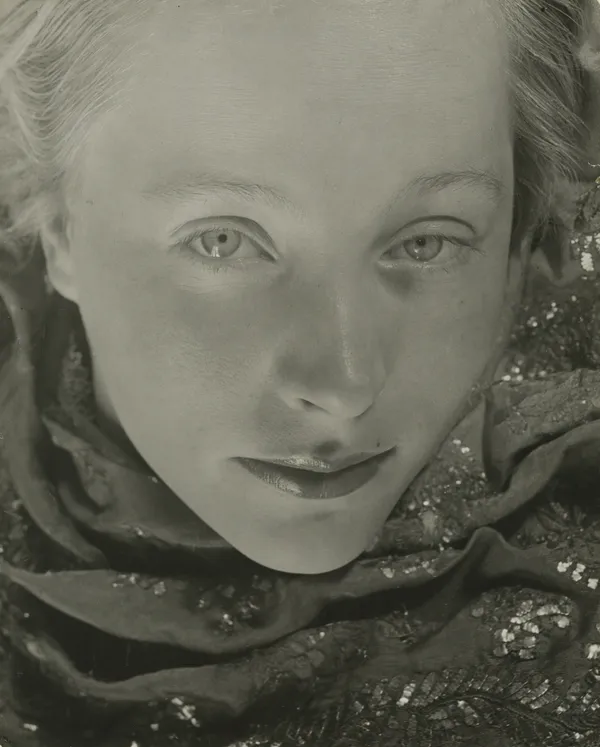 Erwin Blumenfeld, Muth, Paris, 1936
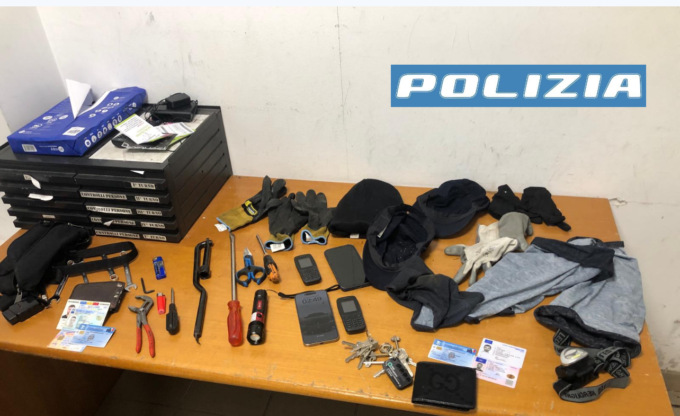 Hanno cercato di rubare alla Colmar: presi i tre ladri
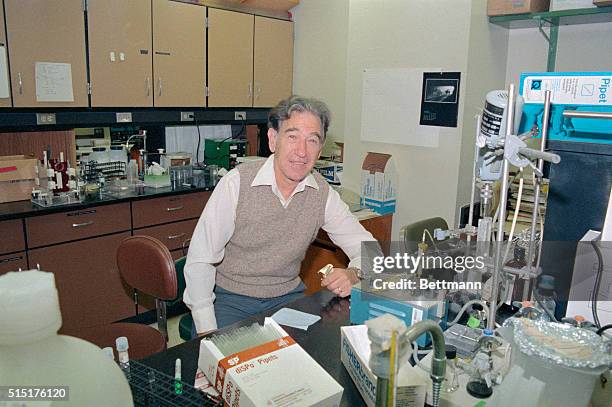 Vanderbilt professor Stanley Cohen wears a broad smile after learning 10/13 that he had been named as the winner of the 1986 Nobel Prize for medicine.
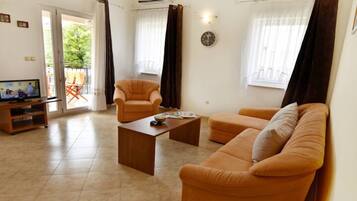 Apartment, 1 Bedroom, Balcony | Living room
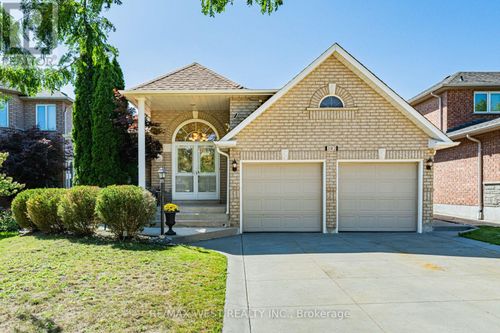 382 Melville Avenue, Vaughan (Maple), ON, L6A2N8 | Card Image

——

* [What is being asked]:
Retype precisely, and only, the lines from the one holding "Apartment, 1 Bedroom, Balcony | Living room" through the final line of the data above, with the pictures omitted.

* [Response for this exercise]:
 Apartment, 1 Bedroom, Balcony | Living room
 382 Melville Avenue, Vaughan (Maple), ON, L6A2N8 | Card Image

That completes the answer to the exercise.